■ ACTION ITEM
From the records below, print exactly the lines starting at the one containing "1:24 Scale Luxury SUV Diecast Model 2" and ending at the one containing "721 W 27th 1, San Pedro, California 90731", ends included, and nothing else.

■ Crawled caption data
□ □ □
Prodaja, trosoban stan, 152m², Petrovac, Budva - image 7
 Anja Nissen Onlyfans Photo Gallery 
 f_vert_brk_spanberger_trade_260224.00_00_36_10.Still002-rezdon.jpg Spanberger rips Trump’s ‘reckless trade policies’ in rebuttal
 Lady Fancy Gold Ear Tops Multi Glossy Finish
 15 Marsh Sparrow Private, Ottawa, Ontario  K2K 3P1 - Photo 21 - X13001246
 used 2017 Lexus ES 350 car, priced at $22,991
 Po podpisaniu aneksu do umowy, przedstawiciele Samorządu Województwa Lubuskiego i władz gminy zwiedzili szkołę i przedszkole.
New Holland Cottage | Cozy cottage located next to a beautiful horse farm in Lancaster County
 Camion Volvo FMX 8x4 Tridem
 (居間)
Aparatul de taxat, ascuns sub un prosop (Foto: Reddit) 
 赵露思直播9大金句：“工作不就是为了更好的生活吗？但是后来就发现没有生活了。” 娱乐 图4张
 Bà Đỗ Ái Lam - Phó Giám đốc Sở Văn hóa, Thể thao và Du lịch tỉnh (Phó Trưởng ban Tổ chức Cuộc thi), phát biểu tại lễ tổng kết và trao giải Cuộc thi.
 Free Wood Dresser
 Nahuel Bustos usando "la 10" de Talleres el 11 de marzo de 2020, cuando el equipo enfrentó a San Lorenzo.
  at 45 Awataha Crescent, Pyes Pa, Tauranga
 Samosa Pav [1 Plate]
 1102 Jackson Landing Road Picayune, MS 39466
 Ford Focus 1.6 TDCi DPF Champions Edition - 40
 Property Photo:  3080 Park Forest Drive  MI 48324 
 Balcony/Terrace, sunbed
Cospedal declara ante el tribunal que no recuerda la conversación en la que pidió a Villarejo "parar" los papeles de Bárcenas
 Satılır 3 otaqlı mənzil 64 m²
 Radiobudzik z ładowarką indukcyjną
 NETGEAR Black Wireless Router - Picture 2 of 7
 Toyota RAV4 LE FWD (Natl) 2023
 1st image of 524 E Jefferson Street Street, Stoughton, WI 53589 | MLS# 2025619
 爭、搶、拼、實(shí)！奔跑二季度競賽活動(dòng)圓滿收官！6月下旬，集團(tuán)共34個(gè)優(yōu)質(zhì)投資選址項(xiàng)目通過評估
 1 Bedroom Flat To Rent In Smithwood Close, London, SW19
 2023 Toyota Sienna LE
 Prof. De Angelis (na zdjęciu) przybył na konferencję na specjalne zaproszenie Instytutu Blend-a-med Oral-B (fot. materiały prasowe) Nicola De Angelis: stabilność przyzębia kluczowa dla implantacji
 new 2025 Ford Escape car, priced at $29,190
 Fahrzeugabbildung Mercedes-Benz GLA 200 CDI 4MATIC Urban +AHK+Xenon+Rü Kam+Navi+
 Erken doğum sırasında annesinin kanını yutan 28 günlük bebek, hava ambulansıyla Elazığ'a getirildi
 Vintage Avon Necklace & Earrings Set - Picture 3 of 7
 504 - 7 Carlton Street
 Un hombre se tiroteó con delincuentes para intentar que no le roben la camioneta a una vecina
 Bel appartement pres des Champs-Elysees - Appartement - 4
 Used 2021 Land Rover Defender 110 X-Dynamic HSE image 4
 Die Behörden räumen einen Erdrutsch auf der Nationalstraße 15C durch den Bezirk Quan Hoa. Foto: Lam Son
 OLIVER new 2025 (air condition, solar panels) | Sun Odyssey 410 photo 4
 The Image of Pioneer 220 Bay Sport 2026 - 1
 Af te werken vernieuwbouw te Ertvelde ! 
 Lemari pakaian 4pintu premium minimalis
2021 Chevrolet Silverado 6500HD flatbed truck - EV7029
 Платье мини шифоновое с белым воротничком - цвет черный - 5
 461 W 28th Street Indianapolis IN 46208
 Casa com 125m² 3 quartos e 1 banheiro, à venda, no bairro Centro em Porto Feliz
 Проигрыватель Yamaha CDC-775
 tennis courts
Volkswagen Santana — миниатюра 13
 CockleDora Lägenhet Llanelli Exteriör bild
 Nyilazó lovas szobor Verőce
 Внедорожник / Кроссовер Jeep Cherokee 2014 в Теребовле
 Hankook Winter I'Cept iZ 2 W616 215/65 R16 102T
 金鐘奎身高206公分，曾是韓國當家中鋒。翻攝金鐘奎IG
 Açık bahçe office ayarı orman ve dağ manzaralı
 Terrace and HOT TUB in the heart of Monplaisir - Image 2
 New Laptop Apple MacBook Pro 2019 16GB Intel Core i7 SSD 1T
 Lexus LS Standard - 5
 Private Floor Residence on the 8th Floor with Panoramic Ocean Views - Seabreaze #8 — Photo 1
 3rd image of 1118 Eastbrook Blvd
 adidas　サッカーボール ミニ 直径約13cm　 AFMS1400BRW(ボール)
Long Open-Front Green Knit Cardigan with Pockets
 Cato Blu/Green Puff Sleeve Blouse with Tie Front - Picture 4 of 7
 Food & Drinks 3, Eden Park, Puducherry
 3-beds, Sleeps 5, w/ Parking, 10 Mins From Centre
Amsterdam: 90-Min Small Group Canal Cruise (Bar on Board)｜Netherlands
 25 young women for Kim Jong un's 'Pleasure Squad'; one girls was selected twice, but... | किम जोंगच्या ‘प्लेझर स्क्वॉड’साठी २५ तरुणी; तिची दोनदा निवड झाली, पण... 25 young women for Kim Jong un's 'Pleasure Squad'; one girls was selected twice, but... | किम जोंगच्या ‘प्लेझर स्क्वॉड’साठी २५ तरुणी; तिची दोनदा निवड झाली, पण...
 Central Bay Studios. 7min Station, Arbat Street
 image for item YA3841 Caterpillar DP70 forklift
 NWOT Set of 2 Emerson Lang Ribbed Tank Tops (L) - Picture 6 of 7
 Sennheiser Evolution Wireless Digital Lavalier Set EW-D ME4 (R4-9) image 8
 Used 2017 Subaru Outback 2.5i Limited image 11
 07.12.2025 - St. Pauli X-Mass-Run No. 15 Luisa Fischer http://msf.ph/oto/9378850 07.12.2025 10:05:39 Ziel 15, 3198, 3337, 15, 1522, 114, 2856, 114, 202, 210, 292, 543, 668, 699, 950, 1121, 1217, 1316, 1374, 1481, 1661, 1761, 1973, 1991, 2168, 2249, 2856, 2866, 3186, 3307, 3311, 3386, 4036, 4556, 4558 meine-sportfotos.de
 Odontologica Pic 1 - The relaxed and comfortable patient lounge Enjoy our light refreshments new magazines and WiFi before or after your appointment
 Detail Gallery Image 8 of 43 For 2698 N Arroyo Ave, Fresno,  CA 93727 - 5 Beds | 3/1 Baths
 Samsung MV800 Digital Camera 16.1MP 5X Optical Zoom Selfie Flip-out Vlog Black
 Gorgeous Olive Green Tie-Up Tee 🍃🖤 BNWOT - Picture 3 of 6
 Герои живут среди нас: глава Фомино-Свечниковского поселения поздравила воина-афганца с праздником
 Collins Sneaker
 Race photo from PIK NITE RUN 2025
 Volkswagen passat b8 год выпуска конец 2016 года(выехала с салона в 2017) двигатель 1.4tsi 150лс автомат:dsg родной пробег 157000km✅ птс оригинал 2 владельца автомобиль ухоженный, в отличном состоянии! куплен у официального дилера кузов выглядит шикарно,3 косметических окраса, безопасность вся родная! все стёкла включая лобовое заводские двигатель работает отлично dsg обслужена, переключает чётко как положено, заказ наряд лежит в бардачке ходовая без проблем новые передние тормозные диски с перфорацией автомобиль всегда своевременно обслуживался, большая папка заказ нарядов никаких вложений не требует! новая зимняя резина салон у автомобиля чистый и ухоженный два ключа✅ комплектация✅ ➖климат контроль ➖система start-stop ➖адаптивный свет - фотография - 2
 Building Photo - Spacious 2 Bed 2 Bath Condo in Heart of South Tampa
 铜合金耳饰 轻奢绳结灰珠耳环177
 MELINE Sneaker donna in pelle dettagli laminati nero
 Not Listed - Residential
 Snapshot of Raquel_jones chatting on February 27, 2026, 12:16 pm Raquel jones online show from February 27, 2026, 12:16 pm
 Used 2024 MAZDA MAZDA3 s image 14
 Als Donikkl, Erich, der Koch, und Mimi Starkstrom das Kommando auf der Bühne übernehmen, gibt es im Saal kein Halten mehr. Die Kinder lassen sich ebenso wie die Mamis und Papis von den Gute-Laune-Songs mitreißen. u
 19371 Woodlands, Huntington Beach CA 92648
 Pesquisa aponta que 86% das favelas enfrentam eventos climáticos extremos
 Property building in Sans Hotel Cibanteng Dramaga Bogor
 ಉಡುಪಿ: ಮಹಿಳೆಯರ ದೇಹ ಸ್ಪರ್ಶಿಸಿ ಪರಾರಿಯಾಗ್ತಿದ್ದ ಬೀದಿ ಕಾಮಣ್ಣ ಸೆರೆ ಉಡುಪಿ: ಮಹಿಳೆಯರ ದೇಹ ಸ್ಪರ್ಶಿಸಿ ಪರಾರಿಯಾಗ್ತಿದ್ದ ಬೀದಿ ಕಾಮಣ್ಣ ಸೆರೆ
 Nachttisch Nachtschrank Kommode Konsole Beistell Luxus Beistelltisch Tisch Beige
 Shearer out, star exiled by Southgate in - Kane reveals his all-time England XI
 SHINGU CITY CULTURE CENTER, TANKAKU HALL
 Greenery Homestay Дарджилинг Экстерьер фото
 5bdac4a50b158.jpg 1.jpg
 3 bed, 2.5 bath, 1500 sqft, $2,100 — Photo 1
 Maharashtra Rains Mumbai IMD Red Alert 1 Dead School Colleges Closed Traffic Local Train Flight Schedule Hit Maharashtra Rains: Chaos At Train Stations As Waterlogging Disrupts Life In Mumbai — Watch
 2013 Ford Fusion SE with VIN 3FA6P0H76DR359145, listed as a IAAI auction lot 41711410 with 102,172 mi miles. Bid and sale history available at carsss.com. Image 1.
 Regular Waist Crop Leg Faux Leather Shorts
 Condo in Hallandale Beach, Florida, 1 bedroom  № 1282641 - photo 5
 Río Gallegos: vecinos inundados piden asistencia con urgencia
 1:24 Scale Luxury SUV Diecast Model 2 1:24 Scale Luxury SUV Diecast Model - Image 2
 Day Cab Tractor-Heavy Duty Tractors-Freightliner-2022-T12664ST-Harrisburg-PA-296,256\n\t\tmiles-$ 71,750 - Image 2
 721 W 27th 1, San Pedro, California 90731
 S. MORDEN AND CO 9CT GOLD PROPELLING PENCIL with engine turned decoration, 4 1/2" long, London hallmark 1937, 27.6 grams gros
□ □ □
■ RESULT BELOW
 1:24 Scale Luxury SUV Diecast Model 2 1:24 Scale Luxury SUV Diecast Model - Image 2
 Day Cab Tractor-Heavy Duty Tractors-Freightliner-2022-T12664ST-Harrisburg-PA-296,256\n\t\tmiles-$ 71,750 - Image 2
 721 W 27th 1, San Pedro, California 90731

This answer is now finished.